Obecny sezon w wykonaniu prawoskrzydłowego lub rozgrywającego wygląda znakomicie. Po powrocie z meczów reprezentacyjnych piłkarz zapisał na swoim koncie asystę, już trzecią, biorąc pod uwagę wszystkie rozgrywki. Jakby tego było mało, do siatki trafił on pięć razy.
Znakomite występy nie pozostały niezauważane. Hiszpańskie media donosiły, że Real Madryt wykazuje zainteresowanie ponowną współpracą z Takefusą Kubo.
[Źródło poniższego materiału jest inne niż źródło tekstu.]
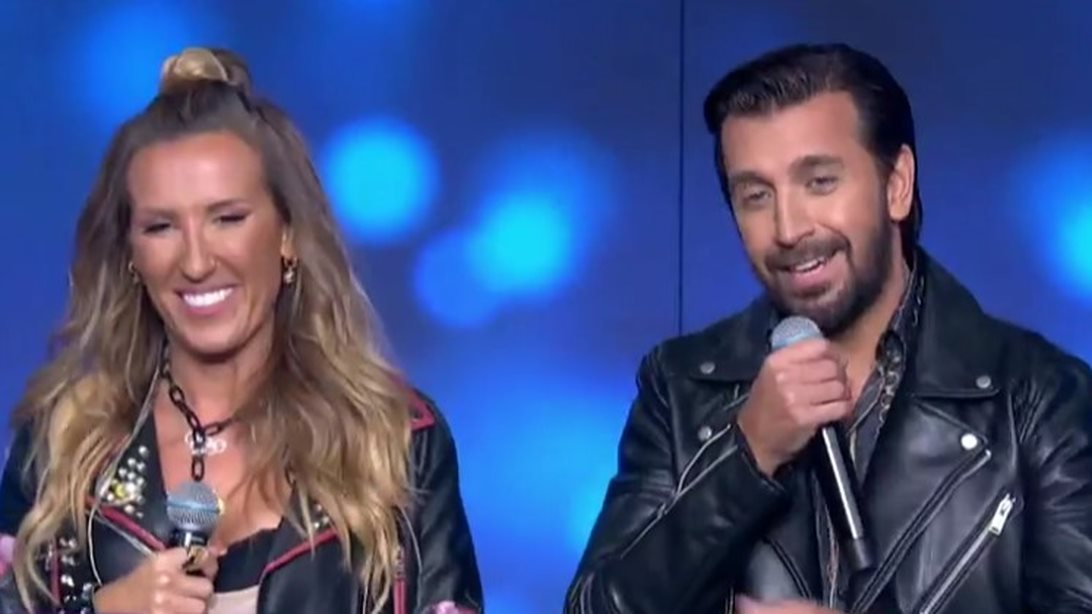 J2US | Η &quot;χαρούμενη&quot; εμφάνιση της Πηγής Δεβετζή και του Θάνου Πετρέλη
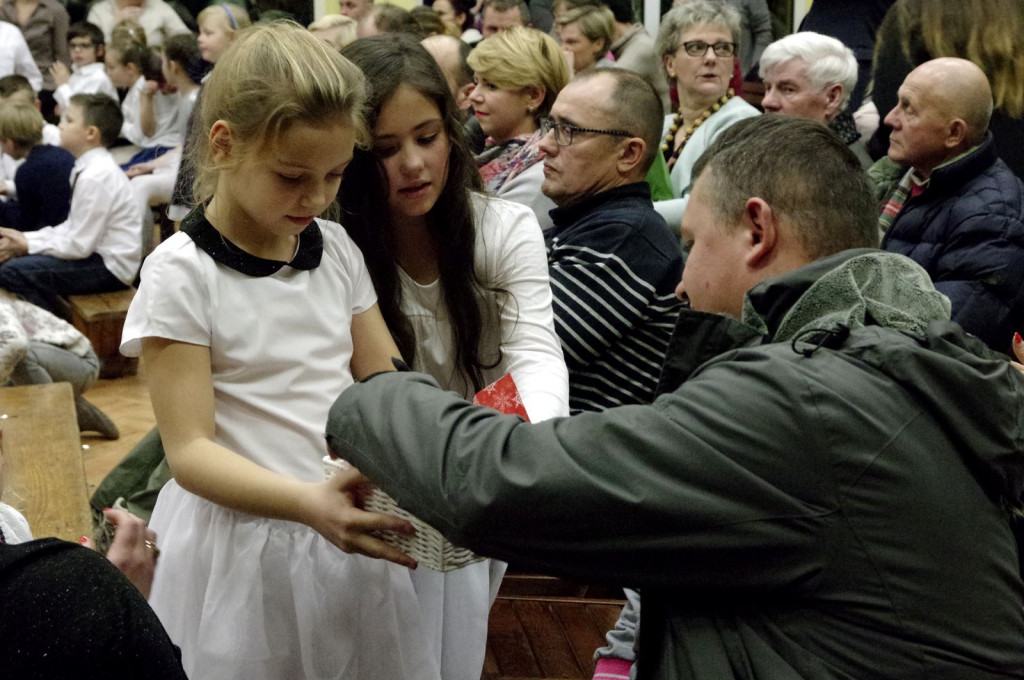 Bóg przychodzi w każdym człowieku - świątecznie w Ósemce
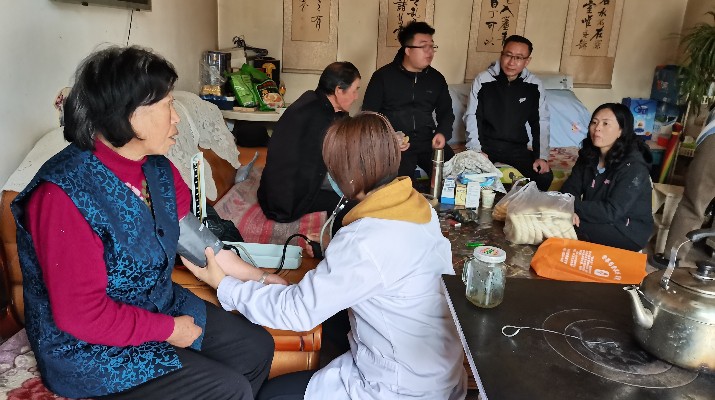 九九重陽(yáng)節(jié)，濃濃敬老情 ——集團(tuán)駐村工作隊(duì)開展重陽(yáng)節(jié)走訪慰問活動(dòng)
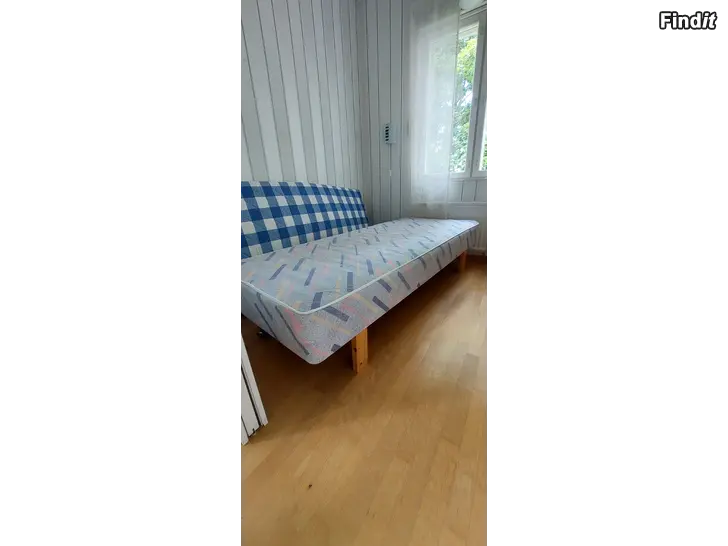 Myydään Säng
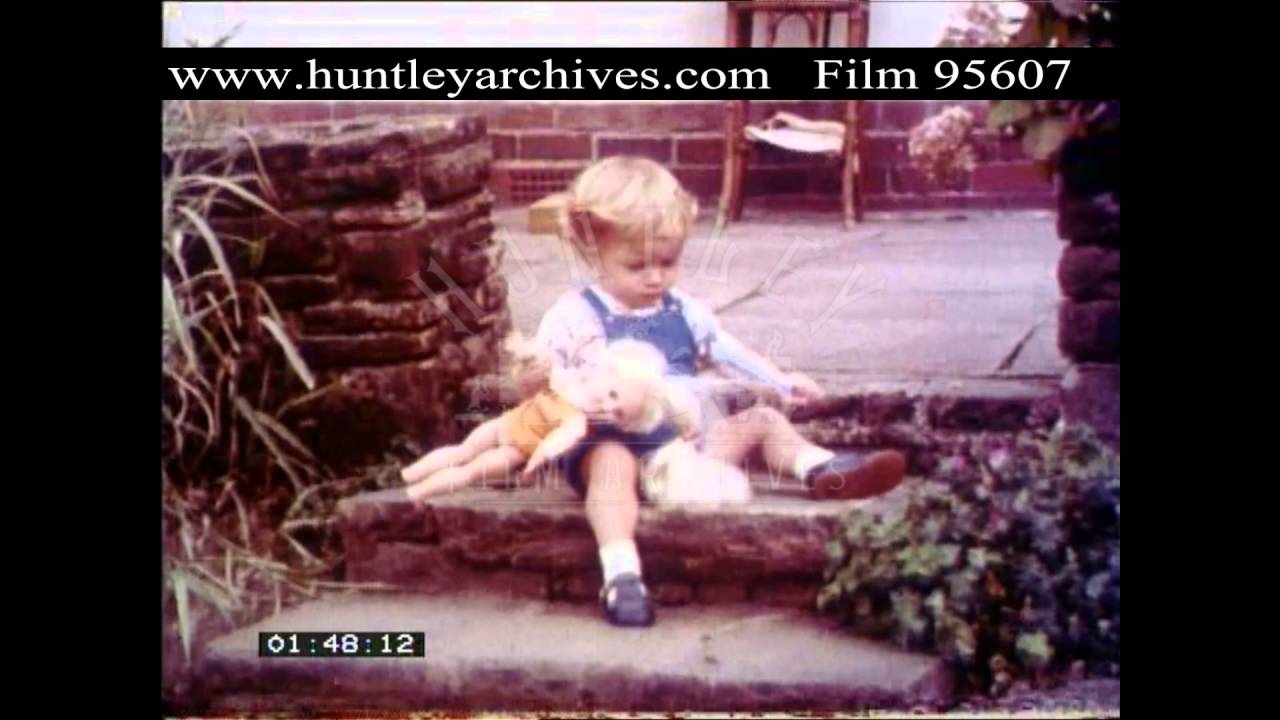 1970s Domesticity, 1970s - Film 95607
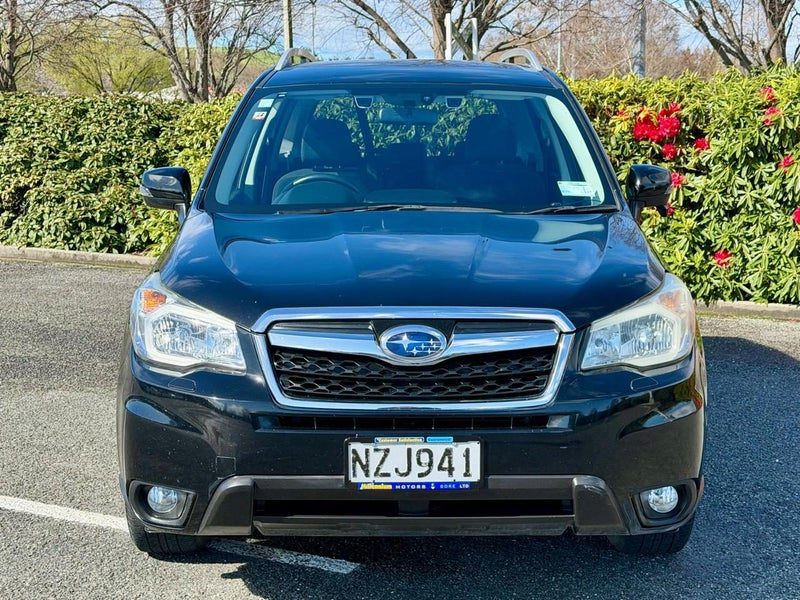 2012 Subaru Forester 4WD ECONOMICAL AUTO SUV, photo 3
Jak informuje Fabrizio Romano, istotnie jest coś na rzeczy. „Królewscy” to w tej chwili jedyna rozważana przez 22-latka opcja. W grę wchodzi letnia przeprowadzka.
Co prawda pojawiły się wieści o zakusach Manchesteru United, ale Anglicy nie wykonali żadnego kroku w tej sprawie.
Lider tabeli LaLigi ma opcję wykupu gracza za 30 milionów euro. To połowa klauzula wykupu w umowie Kubo.
28-krotny reprezentant Japonii w zespole mógłby zająć miejsce Brahima Díaza, który po powrocie z Milanu nie pokazał jak dotąd niczego szczególnego i nie stanowi takiego wzmocnienia, jakim był Marco Asensio.